Elite teams consider all needs and inadequacies a whole-unit problem; not just of the individual.

Experience means trust. Everyone earns trust one person at a time; one decision at a time; one deliverable at a time. Nobody cares how your previous manager thought of you. When a new member arrives to an operational unit the first steps determine 1) where is the NOOB in terms of skill, 2) does the NOOB have the temperament to fit in with the rest (humility, adaptability, respectfulness, tenacity, and dependability), and 3) in addition to the unit’s ability to train the NOOB, does the NOOB bring anything to the unit that makes them better than they already are without him?

Disqualifiers don’t include lack of skill, lack of experience, or even previous failures. This establishes the first of the ways a software development team, mimicking the military elite, can provide one of the most important facets of a supportive environment: emotional security.

Elite teams consider all needs and inadequacies a whole-unit problem; not just of the individual.

Skills come from training. Experience comes from using that training. If the NOOB has the qualities proven to make them good pupils and teachers (and good leaders in their particular form of leadership), then they make good unit members. Skill will grow. Experience will naturally happen.

How Do We Make That Happen?

Remember? People become the most important investment? Yeah. Here’s the catch. Senior administration officers (managers) who want the best people invest in people: in their training, in their drill, and in their self-and-unit assessments. Unlike the rest of the world, though, these elite units bond in training, drill, and self-assessment. One failure is a unit failure. One success is a unit success. When one needs training, all need training. When one drills, all drill.

Training, drill, and assessment must happen All. The. Time.

This is not boot camp where the unfit get weaned. This is not school where the professor judges by the grade. This is life where the outcome (remember why we’re in this?) is the measure of success or failure.

The elite units would call this “the mission.” The mission is the only measure of success. Will there be heroic feats? There always are. Will there be setbacks? There always are. But before we assign medals or blame, the mission must succeed. That means the unit must succeed. That means cohesiveness, dependability, diligence, and trust bind every member of the unit to the other.

Interpretations, Please

Gratefully, software developers don’t have to dodge snipers and roadside explosives; just their trivial equivalents in the project. They don’t have to deal with bad commanders; just bad managers. But “the mission” must remain the goal: delivering the outcome desired by the client or customer.
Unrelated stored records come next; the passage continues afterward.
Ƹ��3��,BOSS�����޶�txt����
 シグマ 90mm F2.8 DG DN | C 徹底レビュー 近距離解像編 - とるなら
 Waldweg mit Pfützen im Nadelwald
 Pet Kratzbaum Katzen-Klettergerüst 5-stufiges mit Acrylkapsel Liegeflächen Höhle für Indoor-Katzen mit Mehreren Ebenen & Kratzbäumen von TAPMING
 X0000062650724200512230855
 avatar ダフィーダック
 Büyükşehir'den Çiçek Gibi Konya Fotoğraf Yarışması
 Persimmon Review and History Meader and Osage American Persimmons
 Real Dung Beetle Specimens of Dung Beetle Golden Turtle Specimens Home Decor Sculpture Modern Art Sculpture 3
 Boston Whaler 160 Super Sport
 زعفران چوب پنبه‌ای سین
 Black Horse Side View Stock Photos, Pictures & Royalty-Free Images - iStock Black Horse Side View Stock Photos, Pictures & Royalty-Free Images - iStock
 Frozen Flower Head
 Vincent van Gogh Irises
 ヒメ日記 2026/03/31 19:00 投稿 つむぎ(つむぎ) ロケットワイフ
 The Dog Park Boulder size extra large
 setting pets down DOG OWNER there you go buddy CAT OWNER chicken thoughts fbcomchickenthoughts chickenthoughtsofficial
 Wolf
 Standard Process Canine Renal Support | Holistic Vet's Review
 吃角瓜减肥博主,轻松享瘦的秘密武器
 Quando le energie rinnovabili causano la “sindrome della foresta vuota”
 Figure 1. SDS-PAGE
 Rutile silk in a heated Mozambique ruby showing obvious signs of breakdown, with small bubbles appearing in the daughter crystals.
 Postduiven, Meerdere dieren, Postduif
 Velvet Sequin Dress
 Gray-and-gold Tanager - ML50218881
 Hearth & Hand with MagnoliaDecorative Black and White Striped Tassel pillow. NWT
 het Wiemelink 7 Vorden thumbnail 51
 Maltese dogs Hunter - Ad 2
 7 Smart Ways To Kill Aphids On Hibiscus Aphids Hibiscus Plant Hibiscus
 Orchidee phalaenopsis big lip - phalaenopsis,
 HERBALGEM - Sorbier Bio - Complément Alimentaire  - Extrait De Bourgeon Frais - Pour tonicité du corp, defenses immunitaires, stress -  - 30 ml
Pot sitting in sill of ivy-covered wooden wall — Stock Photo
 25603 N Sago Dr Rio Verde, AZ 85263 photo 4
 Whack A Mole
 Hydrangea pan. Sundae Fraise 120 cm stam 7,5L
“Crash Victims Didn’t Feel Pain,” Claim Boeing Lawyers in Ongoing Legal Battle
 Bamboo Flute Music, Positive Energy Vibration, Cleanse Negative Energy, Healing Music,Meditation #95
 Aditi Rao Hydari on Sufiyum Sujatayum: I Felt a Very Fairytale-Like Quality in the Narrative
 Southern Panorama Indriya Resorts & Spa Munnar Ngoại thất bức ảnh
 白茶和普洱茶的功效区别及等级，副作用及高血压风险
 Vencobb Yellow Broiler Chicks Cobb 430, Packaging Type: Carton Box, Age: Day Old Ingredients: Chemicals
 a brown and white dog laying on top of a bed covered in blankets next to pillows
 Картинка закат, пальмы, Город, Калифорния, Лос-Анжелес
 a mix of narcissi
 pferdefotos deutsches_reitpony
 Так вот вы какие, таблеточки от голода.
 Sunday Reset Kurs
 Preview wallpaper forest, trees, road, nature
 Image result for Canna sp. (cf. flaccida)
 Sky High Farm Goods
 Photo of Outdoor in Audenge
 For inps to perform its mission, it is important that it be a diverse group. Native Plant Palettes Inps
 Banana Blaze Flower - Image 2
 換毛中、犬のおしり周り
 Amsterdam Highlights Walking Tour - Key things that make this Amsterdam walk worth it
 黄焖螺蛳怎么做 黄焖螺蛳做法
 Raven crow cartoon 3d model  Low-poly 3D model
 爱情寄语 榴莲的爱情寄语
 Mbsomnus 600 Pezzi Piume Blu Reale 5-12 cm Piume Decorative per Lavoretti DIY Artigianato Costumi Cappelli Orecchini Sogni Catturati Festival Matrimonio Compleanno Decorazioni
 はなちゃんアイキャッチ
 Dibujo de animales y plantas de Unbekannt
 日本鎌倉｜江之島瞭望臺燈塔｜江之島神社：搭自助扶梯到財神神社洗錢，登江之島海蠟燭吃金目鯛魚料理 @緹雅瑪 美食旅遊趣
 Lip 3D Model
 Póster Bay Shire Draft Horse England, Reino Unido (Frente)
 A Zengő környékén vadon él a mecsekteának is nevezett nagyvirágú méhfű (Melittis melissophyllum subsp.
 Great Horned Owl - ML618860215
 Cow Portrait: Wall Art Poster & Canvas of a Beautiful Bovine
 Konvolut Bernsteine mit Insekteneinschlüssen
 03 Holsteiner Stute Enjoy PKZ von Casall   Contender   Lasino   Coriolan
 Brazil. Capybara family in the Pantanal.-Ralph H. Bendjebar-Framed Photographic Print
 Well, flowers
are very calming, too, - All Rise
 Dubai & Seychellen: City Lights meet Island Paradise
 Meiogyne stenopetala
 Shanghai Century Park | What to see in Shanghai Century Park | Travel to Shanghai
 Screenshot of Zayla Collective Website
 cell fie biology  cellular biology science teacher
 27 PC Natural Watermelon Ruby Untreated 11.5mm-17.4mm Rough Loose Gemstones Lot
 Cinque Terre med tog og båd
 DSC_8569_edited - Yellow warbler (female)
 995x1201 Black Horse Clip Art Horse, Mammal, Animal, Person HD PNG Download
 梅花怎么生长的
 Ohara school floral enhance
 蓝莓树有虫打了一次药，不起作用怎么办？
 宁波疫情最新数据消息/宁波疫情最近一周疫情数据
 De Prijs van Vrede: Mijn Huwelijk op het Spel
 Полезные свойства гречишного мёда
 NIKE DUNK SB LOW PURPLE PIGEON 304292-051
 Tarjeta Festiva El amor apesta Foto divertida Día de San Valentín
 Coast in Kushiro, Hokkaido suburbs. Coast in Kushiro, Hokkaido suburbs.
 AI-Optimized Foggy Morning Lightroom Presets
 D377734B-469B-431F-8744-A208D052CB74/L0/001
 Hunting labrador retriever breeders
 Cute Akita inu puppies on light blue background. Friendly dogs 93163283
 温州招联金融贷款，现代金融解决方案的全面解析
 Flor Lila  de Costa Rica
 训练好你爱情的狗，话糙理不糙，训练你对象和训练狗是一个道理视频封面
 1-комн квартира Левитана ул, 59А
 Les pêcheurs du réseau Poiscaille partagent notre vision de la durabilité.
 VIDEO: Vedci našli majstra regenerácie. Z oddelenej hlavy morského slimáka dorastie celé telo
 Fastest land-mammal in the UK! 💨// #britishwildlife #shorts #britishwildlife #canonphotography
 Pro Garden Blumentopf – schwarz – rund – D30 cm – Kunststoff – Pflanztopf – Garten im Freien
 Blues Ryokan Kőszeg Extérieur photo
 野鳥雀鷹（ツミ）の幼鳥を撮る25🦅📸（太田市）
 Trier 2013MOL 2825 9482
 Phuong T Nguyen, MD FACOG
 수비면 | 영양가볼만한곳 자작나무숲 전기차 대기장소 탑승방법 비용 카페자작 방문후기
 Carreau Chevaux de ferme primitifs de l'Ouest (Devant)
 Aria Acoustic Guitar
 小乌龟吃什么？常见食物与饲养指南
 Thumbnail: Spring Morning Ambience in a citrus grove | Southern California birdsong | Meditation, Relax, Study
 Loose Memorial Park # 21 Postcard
Training, drill, and assessment must happen All. The. Time. This includes training in the business or technical domain in which the unit will work. If the topic is sales and marketing, some sales and marketing training will advance the outcome more than most will imagine. If the topic is OAuth2.0, then identity and third-party auth make great training or refreshers.

Even when the topic is REST or SQL queries, some training improves the entire unit’s chances of “completing the mission.” That could mean nothing more than five minutes of some online training, but training must occur constantly.

Then there’s drill. Drill differs from training because it refreshes, improves, or reminds about something the unit already understands (or used to). Drill in software development often comes in KATA, but it can also come in refactoring, and TDD. Drill should be done in pairs or with the whole unit.

In We Were Soldiers Once: And Young, Colonel Moore addresses all his young officers and says, “I hope you like to train. I love it!” That should be the attitude of every software developer in a successful unit. And that should extend to drill. Doing the same thing over and over turns it into muscle (brain muscle in the developer’s case) memory.

I hope you love to train… and drill. I love it and so do all the successful software development units.